Onion and garlic waste from the food industry could be used to mop up hazardous heavy metals, including arsenic, cadmium, iron, lead, mercury and tin in contaminated materials, according to a research paper published in the International Journal of Environment and Pollution.

Biotechnologists Rahul Negi, Gouri Satpathy, Yogesh Tyagi and Rajinder Gupta of the GGS Indraprastha University in Delhi, India, explain how waste from the processing and canning of onion (Allium cepa L.) and garlic (Allium sativum L.) could be used as an alternative remediation material for removing toxic elements from contaminated materials including industrial effluent. The team has studies the influence of acidity or alkalinity, contact time, temperature and concentration of the different materials present to optimize conditions for making a biological heavy metal filter for industrial-scale decontamination.

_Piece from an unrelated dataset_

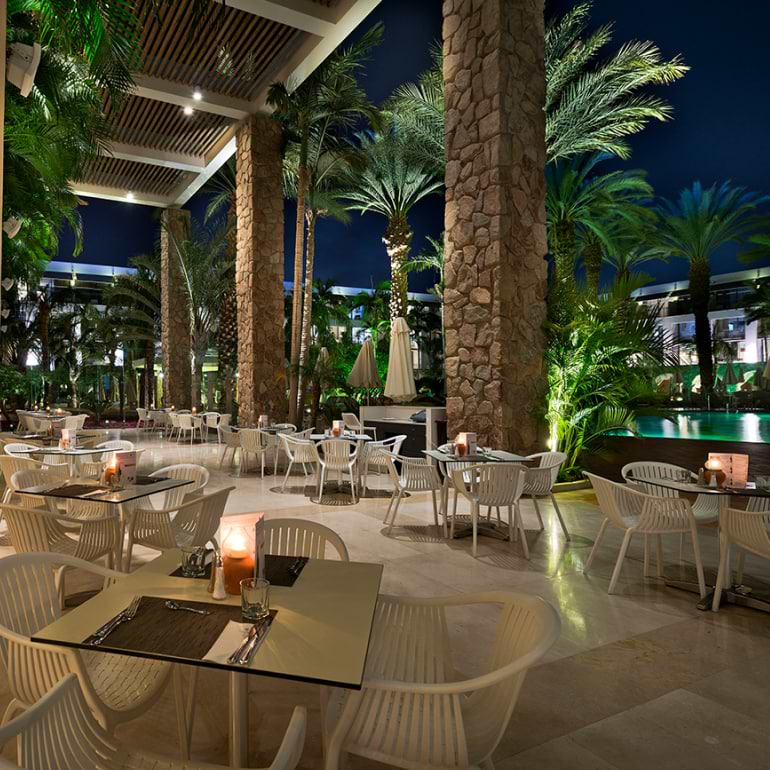 'בריזה'- מסעדת המלון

They have found that at 50 Celsius (122 Fahrenheit), the efficiency of the clean-up process is largely dependent on pH (acidity or alkalinity) and equilibration time usually occurs within half an hour; a pH of 5 was optimal. They demonstrated the maximum extraction was achievable for lead, one of the most troublesome metallic environmental pollutants. They could extract more than 10 milligrams per gram of Allium material from a test solution containing 5 grams per liter of mixed metal ion solution, amounting to recovery efficiency of more than 70%. The absorbed metals can be released into a collecting vessel using nitric acid and the biomass reused.

The team experimented with Allium biomass to demonstrated effective removal of heavy metals from both simulated and actual industrial effluents. “The technique appears to be industrially applicable and viable,” they suggest. “This may provide an affordable, environmental friendly and low maintenance technology for small and medium scale industries in developing countries,” they conclude.